* _EXERCISE AIM_
Output only the lines below from the one holding "道の駅「原鶴」　菜の花まつり-1" down to the one holding "f:id:xiaojun:20091015221421j:image", both end lines included and every picture dropped.

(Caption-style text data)
BEGIN

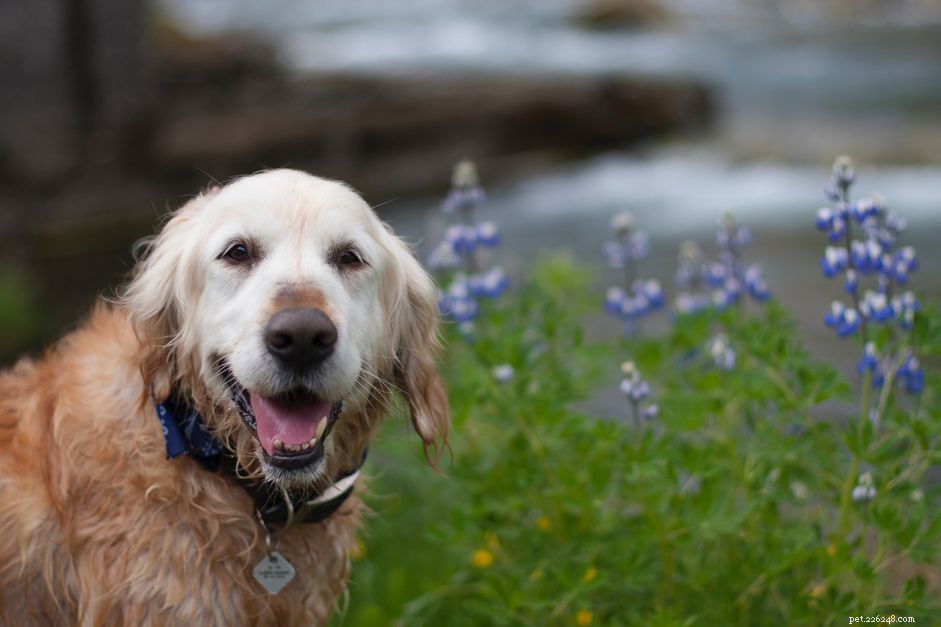 Top 12 Dog Breeds Perfect for Seniors: Low‑Maintenance Companions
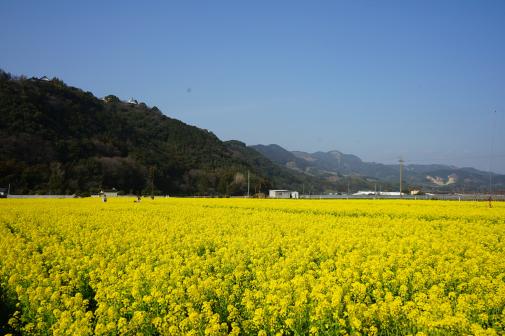 道の駅「原鶴」　菜の花まつり-1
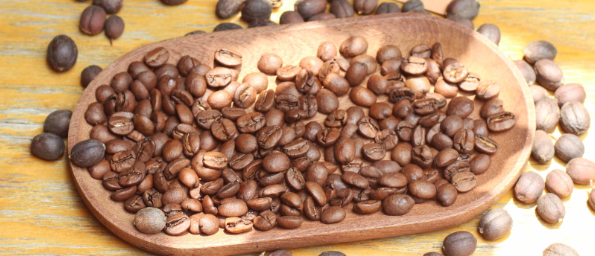 皇后庄园1664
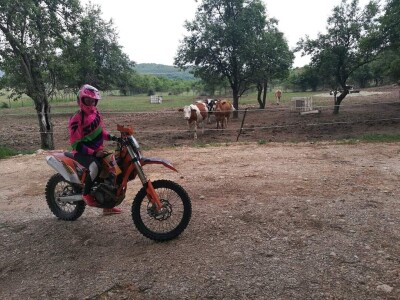 Ana Jergović, ljubiteljica životinja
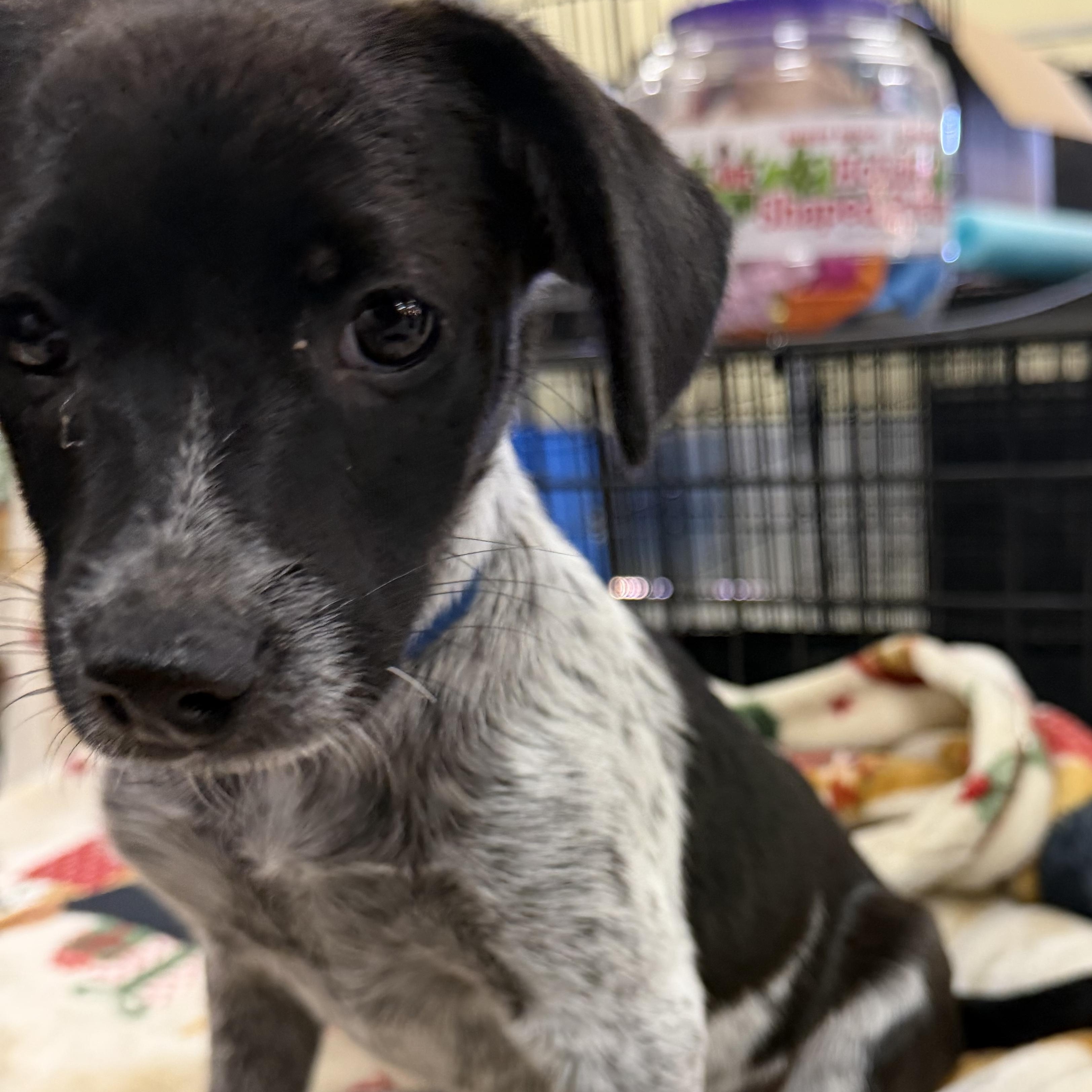 Bluey, a ADOPTABLE mixed breed in Muldrow, OK image 3/4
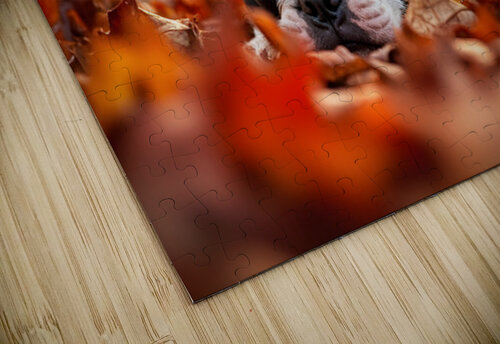 Sleepy Boston Terrier Puppy Rests In Autumn Leaves Puppy Prints puzzle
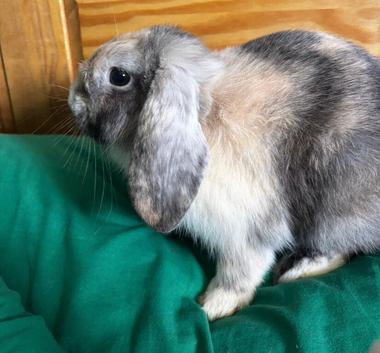 Mini lop free to good home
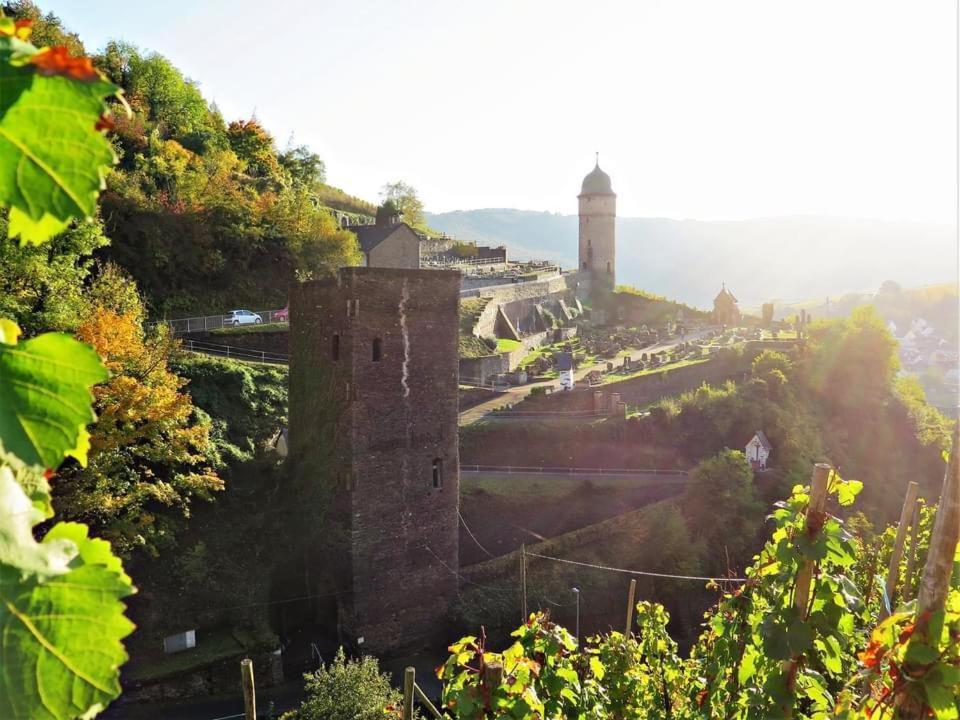 Hotel Haus Marientaler Au Gbr Zell an der Mosel Exteriér fotografie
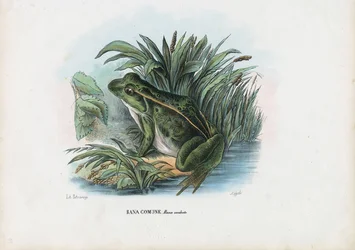 Grenouille comestible, 1863-79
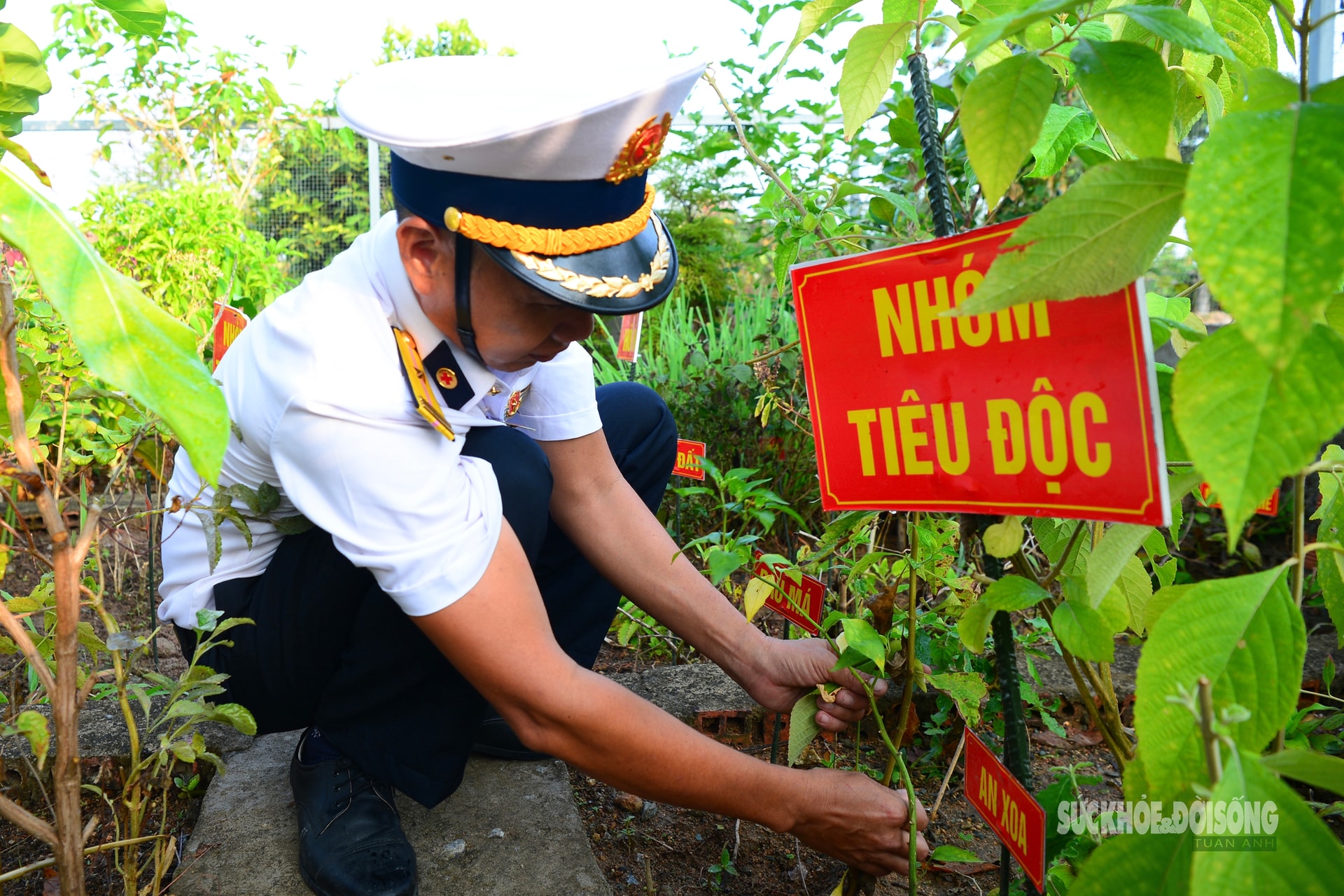 Những 'tủ thuốc xanh' giữa biển khơi- Ảnh 6.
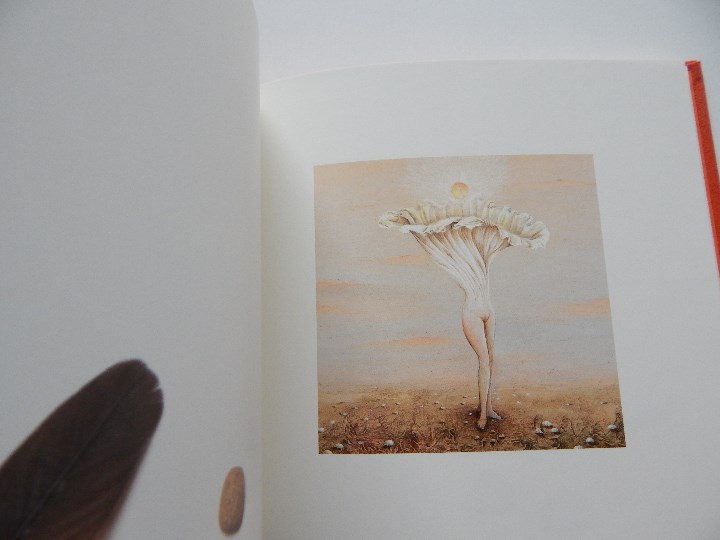 Libros: Minium R&ecirc;ve rare de 1 minute 12 - Fr&eacute;d&eacute;ric Cl&eacute;ment, 2000 - Libro franc&eacute;s - Foto 8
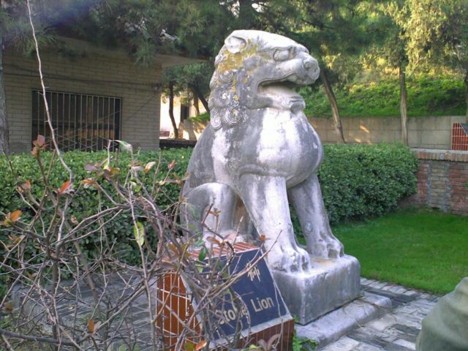 f:id:xiaojun:20091015221421j:image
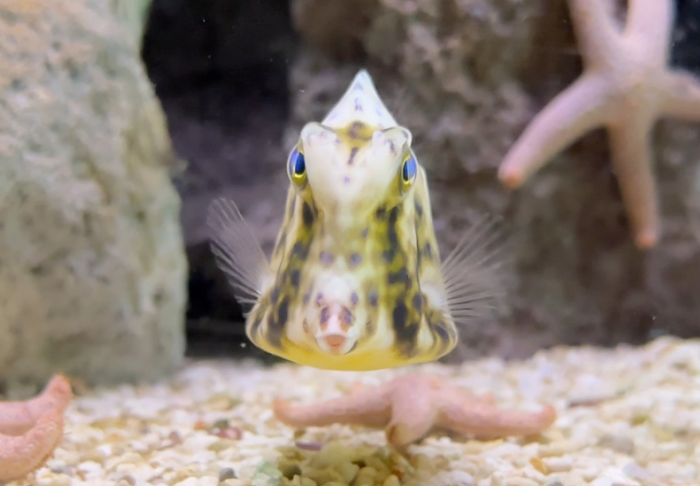 a scrawled cowfish faces the camera and swims above three pink sea stars in a tank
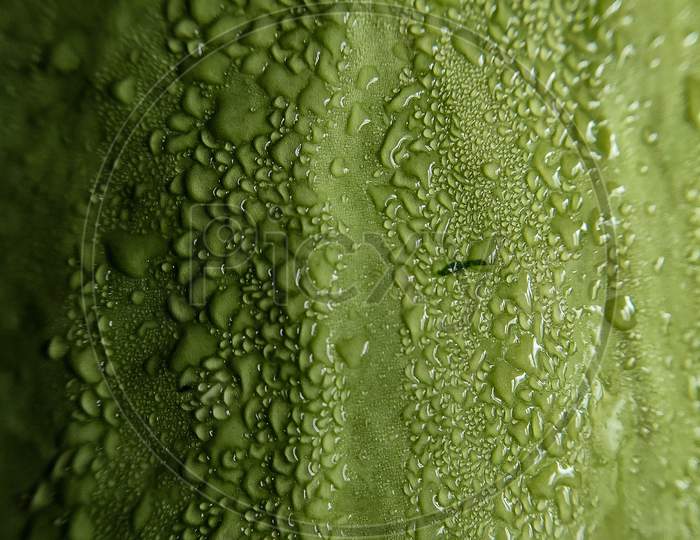 Water droplets on green background, closeup, macro
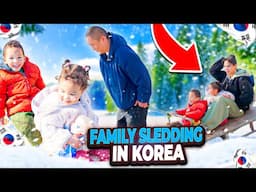 Our Life in Korea: Freezing While Trying to Sled with Toddlers & Catching Ice Fish for Lunch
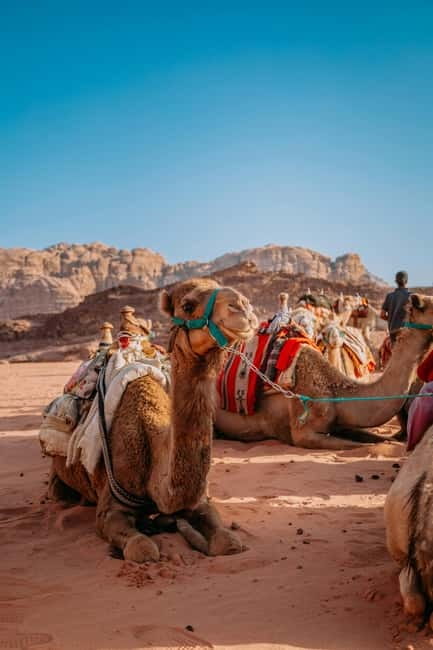 From Jaipur: Pushkar and Ajmer Private Day Trip - Jaipur to Pushkar to Ajmer: How the 11-Hour Day Works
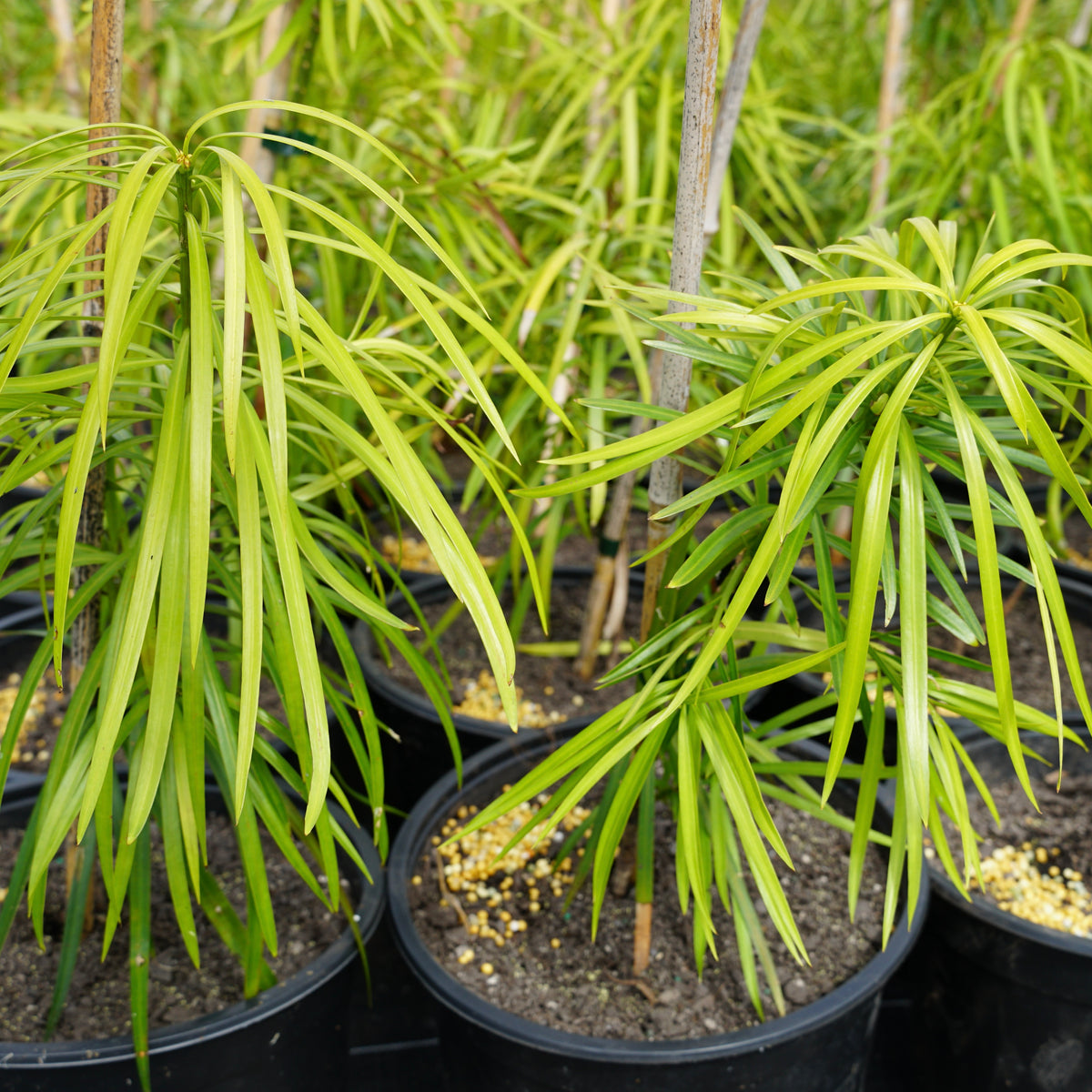 Podocarpus henkelii 5L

END

* _RESULT_
 道の駅「原鶴」　菜の花まつり-1
 皇后庄园1664
 Ana Jergović, ljubiteljica životinja
 Bluey, a ADOPTABLE mixed breed in Muldrow, OK image 3/4
 Sleepy Boston Terrier Puppy Rests In Autumn Leaves Puppy Prints puzzle
 Mini lop free to good home
 Hotel Haus Marientaler Au Gbr Zell an der Mosel Exteriér fotografie
 Grenouille comestible, 1863-79
 Những 'tủ thuốc xanh' giữa biển khơi- Ảnh 6.
 Libros: Minium R&ecirc;ve rare de 1 minute 12 - Fr&eacute;d&eacute;ric Cl&eacute;ment, 2000 - Libro franc&eacute;s - Foto 8
 f:id:xiaojun:20091015221421j:image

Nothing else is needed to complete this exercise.